[What you have to do]:
What's needed is an exact copy of all the data below, without pictures.

[Data below]:
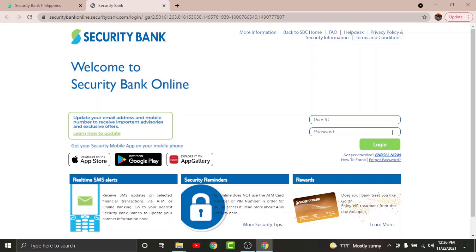In case if you have forgotten your password, you can just go and tap onto the forgot password option in order to reset your password.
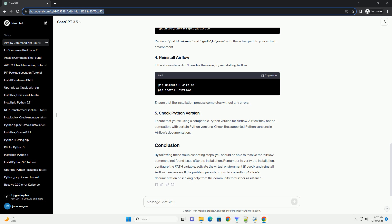By following these troubleshooting steps, you should be able to resolve the Airflow command not found issue after pip installation. Remember to verify the installation, configure the path variable, activate the virtual environment if used, and reinstall Airflow if necessary.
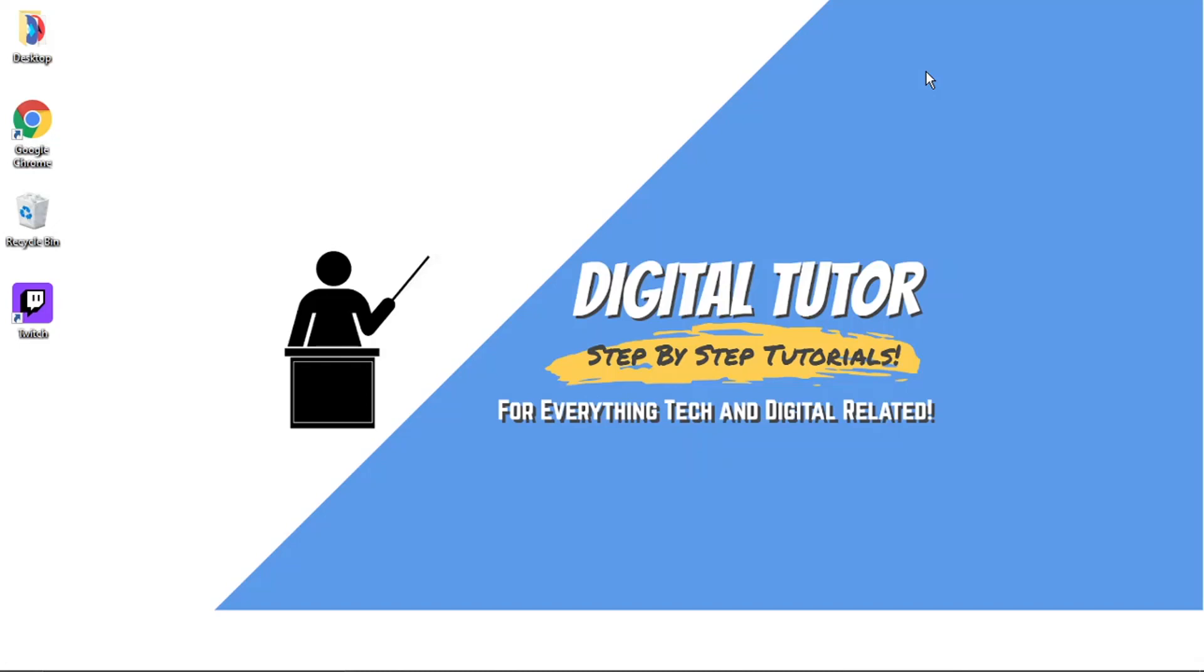Hi guys, what's going on? It's the Digital Tutor here with another step-by-step tutorial. In this video, I'm just going to show you how to get a Twitch Prime free trial. This is for Prime Gaming to actually use that on Twitch, and the free trial currently is 30 days. Obviously that could change at any point and is dependent on the country you're in.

[Task solution]:
In case if you have forgotten your password, you can just go and tap onto the forgot password option in order to reset your password.
By following these troubleshooting steps, you should be able to resolve the Airflow command not found issue after pip installation. Remember to verify the installation, configure the path variable, activate the virtual environment if used, and reinstall Airflow if necessary.
Hi guys, what's going on? It's the Digital Tutor here with another step-by-step tutorial. In this video, I'm just going to show you how to get a Twitch Prime free trial. This is for Prime Gaming to actually use that on Twitch, and the free trial currently is 30 days. Obviously that could change at any point and is dependent on the country you're in.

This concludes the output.